Étudiant en médecine à Paris, Paul Billard fut arrêté lors des journées insurrectionnelles d’avril 1834. Il fut remis en liberté par un non-lieu à suivre prononcé avant l’ouverture des débats. Il était en correspondance avec Noël Parfait*, inculpé comme lui et incarcéré à Sainte-Pélagie. Plus tard, Billard fut compromis lors de l’attentat du 27 décembre 1836 (affaire Meunier). La Cour des Pairs rendit une ordonnance de non-lieu à son égard.
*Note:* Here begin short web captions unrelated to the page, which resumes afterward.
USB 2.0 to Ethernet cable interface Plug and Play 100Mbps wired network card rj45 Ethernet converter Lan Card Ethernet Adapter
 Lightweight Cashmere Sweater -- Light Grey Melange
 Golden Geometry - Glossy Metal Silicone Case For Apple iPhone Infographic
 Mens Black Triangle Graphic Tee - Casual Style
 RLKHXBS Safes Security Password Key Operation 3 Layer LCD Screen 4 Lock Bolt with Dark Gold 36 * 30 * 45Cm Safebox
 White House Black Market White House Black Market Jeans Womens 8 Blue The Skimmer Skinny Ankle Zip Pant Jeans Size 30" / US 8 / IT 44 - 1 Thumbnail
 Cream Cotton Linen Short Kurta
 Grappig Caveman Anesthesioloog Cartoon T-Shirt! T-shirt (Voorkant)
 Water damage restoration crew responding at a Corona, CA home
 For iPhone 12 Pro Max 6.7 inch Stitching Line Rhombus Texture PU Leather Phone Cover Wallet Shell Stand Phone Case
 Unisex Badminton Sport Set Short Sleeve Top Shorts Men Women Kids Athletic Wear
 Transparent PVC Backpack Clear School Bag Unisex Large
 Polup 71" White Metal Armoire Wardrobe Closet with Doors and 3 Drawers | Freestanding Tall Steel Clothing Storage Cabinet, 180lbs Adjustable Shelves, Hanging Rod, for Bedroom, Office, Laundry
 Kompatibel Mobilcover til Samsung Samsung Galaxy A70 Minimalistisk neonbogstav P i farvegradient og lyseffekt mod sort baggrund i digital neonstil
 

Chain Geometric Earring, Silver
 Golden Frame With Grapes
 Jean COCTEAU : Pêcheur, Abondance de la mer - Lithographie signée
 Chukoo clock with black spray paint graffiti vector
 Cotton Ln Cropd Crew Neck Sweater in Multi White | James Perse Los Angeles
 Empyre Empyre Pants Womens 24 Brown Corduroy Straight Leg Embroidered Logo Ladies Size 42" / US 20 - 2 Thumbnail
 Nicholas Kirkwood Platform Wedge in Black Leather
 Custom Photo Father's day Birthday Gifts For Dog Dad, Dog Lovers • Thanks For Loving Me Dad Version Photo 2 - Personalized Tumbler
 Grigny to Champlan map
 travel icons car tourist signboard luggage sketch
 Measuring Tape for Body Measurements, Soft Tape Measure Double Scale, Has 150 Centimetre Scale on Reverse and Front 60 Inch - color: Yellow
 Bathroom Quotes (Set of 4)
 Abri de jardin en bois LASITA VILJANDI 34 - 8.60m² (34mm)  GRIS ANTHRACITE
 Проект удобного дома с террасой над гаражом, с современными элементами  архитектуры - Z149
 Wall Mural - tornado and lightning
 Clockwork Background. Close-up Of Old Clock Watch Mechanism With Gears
Auparavant, un étudiant en médecine du même nom, Billard, mais prénommé L., arrêté le 23 ou le 24 décembre 1830, était l’un des signataires de la « Lettre des inculpés détenus à Sainte-Pélagie » du 27 février 1831. Par ailleurs, un membre de la Société des droits de l’Homme, portant le même patronyme, fut inculpé en février 1832 après un attentat manqué contre Louis-Philippe. Il n’est pas impossible qu’il y ait identité entre ces personnages.

Pour citer cet article :
https://maitron.fr/spip.php?article26607, notice BILLARD Paul , version mise en ligne le 20 février 2009, dernière modification le 20 février 2009.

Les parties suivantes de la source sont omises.